The material below includes pictures; leave them out and return only the lines between the line containing "Sandal bangkol wanita best seller" and the line containing "6400 Rounded Pebble Ln — Photo 7", inclusive, word for word.

==== Data for this task ====

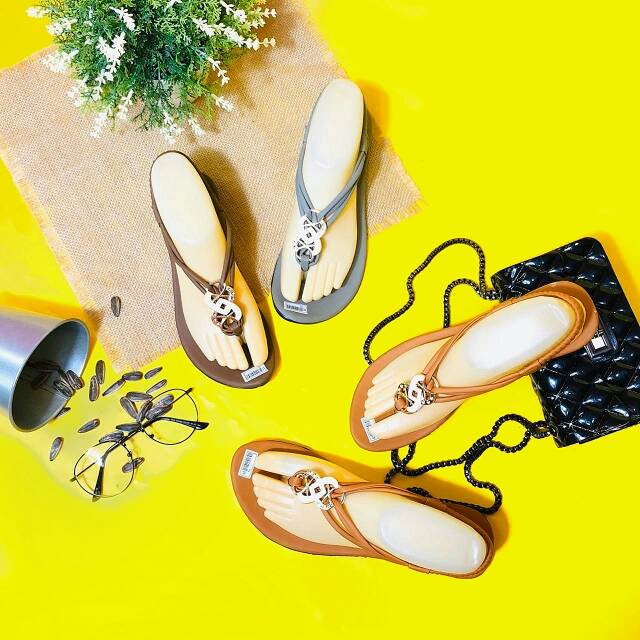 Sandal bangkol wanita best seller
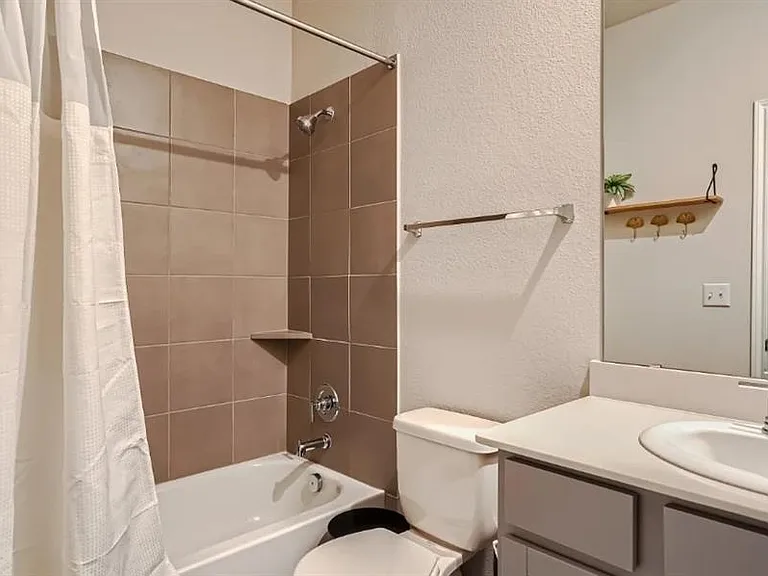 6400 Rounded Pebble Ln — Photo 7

====
==== Data for this task ====

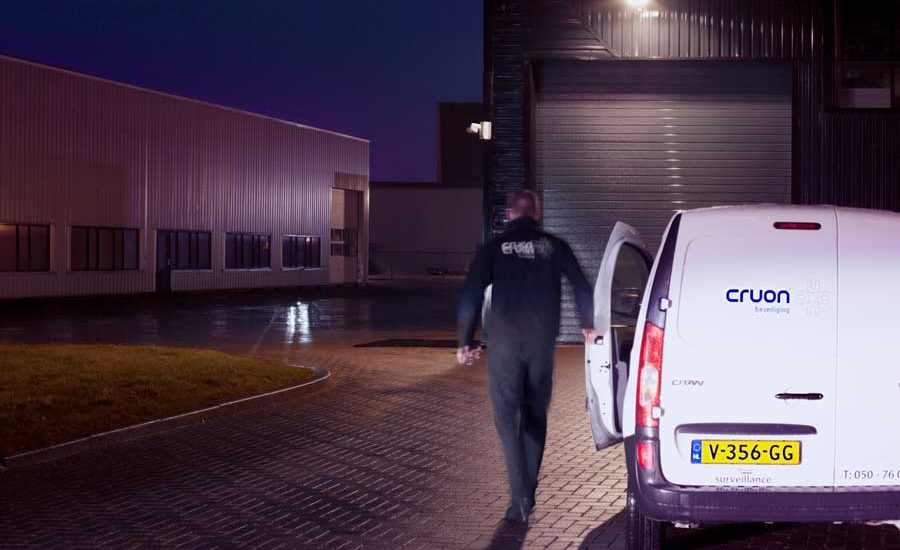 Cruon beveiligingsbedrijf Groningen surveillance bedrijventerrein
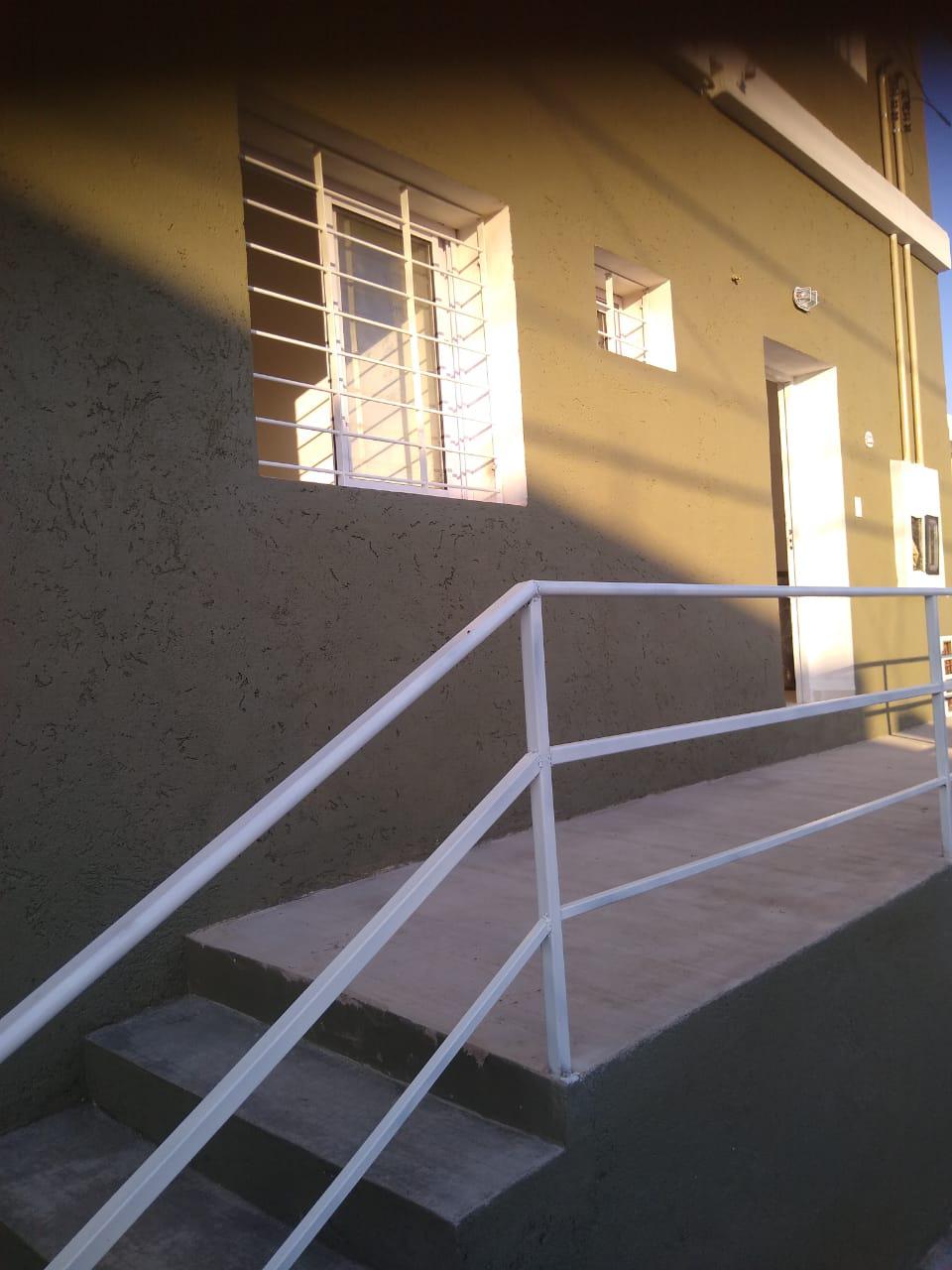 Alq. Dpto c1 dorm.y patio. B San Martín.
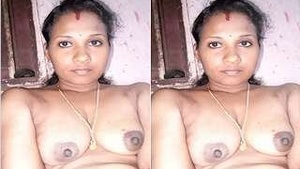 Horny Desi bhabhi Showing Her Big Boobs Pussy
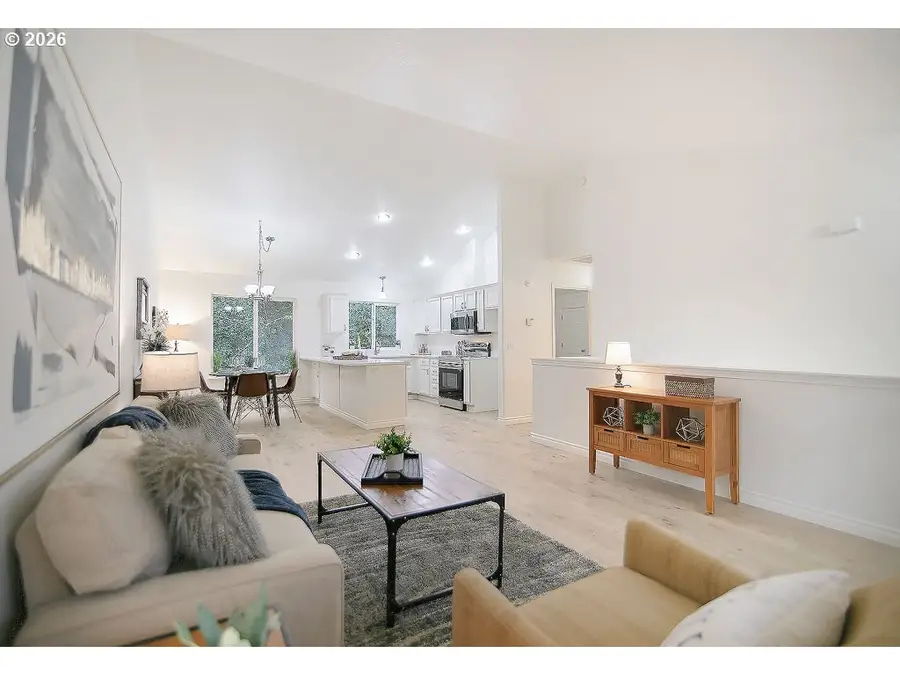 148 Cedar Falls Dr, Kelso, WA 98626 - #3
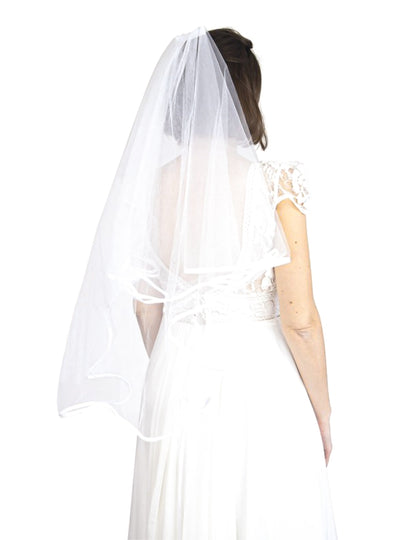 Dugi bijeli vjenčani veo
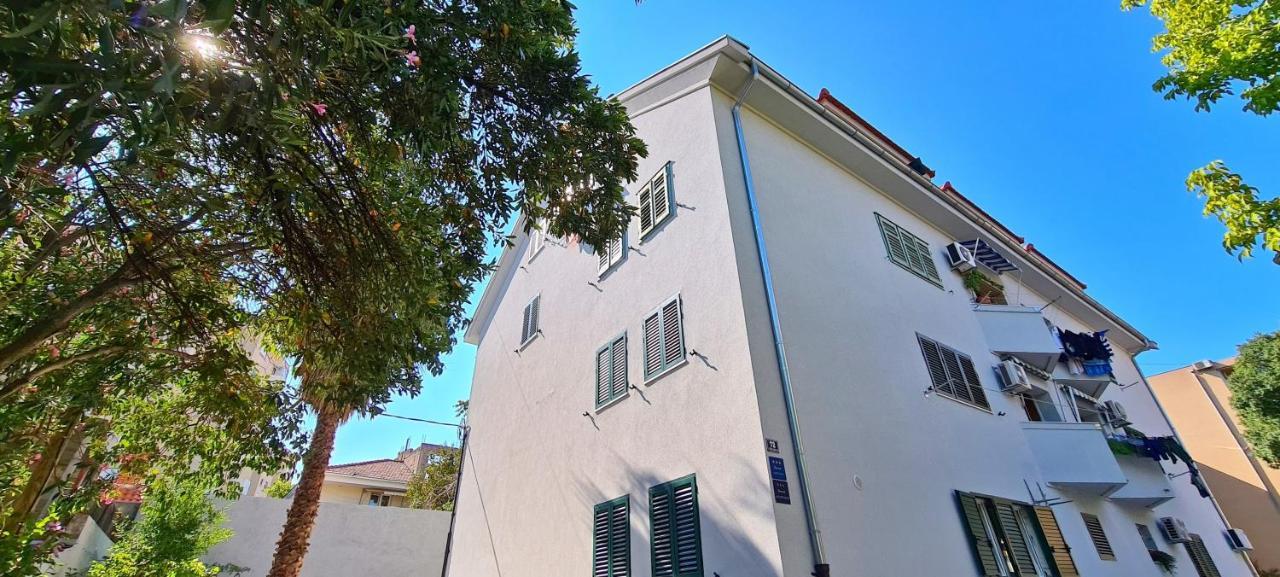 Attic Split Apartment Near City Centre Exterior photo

====

Solution:
 Sandal bangkol wanita best seller
 6400 Rounded Pebble Ln — Photo 7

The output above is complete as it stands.